EXERCISE: Return every line from the one with "De La Transformation Metallique De" through the one with "三元催化清洗剂十大排名", inclusive, exactly as it appears below.

GIVEN RECORDS:

===============

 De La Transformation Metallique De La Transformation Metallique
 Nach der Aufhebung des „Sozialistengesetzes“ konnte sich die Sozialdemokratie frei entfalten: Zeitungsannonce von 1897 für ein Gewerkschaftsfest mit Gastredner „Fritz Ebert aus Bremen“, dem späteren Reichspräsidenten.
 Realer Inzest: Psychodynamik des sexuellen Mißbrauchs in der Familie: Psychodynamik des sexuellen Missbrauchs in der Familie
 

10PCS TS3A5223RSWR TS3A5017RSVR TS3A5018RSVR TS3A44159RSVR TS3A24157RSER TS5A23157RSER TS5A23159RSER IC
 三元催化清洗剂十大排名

===============

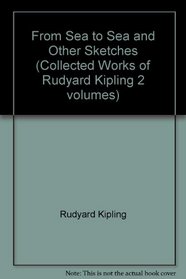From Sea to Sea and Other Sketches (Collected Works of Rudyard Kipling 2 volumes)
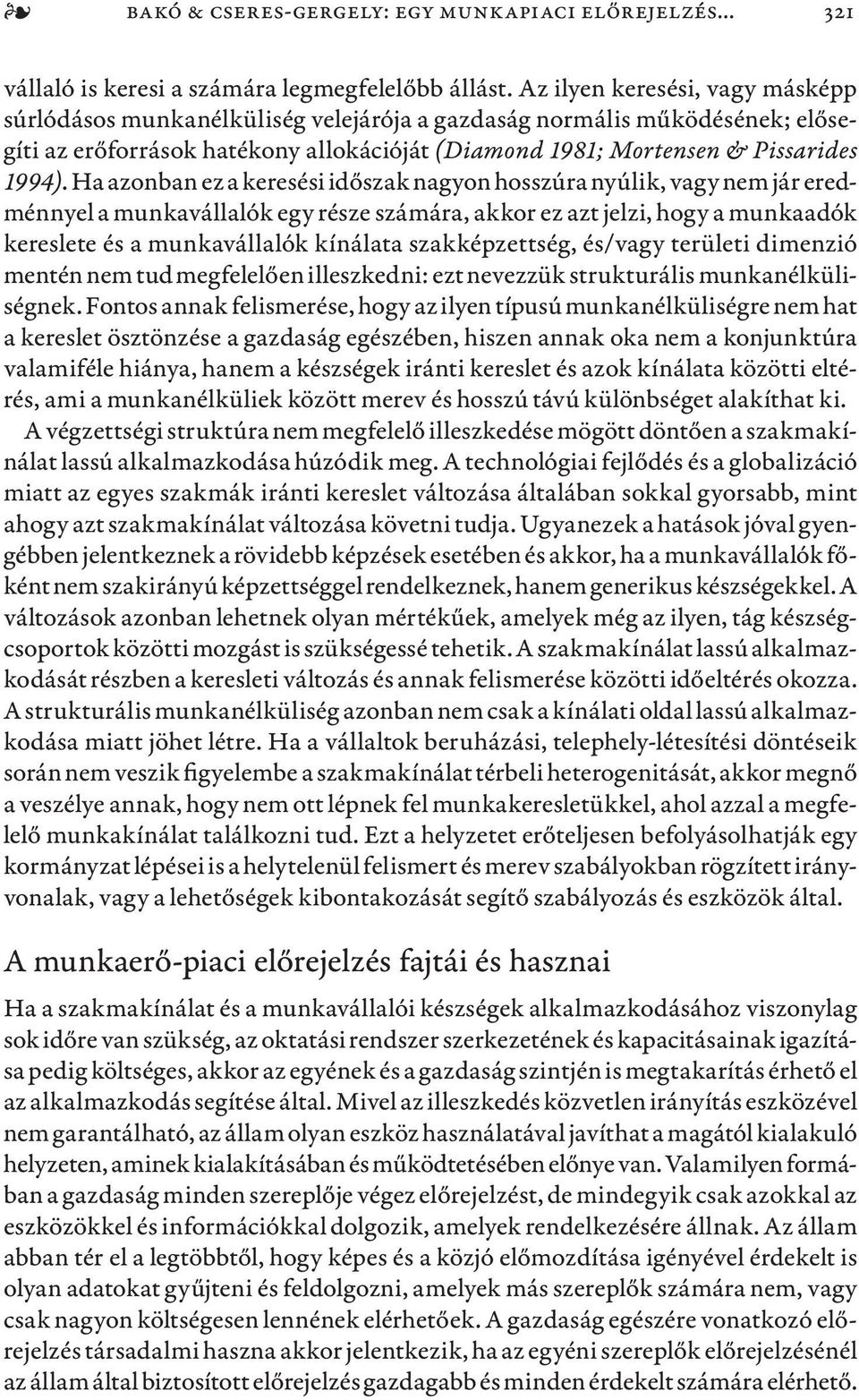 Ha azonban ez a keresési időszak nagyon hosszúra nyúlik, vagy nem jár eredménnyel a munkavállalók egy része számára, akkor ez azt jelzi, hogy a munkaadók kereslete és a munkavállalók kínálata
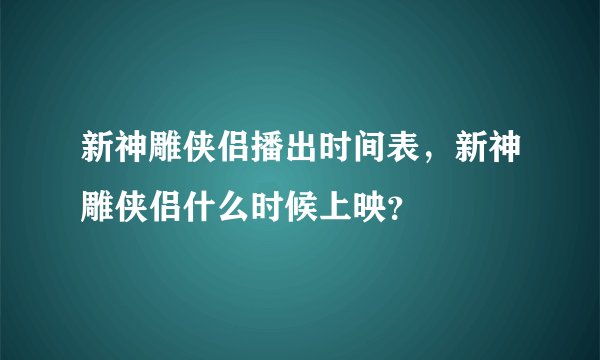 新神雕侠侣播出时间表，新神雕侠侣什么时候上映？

===============

SOLUTION:
 De La Transformation Metallique De La Transformation Metallique
 Nach der Aufhebung des „Sozialistengesetzes“ konnte sich die Sozialdemokratie frei entfalten: Zeitungsannonce von 1897 für ein Gewerkschaftsfest mit Gastredner „Fritz Ebert aus Bremen“, dem späteren Reichspräsidenten.
 Realer Inzest: Psychodynamik des sexuellen Mißbrauchs in der Familie: Psychodynamik des sexuellen Missbrauchs in der Familie
 

10PCS TS3A5223RSWR TS3A5017RSVR TS3A5018RSVR TS3A44159RSVR TS3A24157RSER TS5A23157RSER TS5A23159RSER IC
 三元催化清洗剂十大排名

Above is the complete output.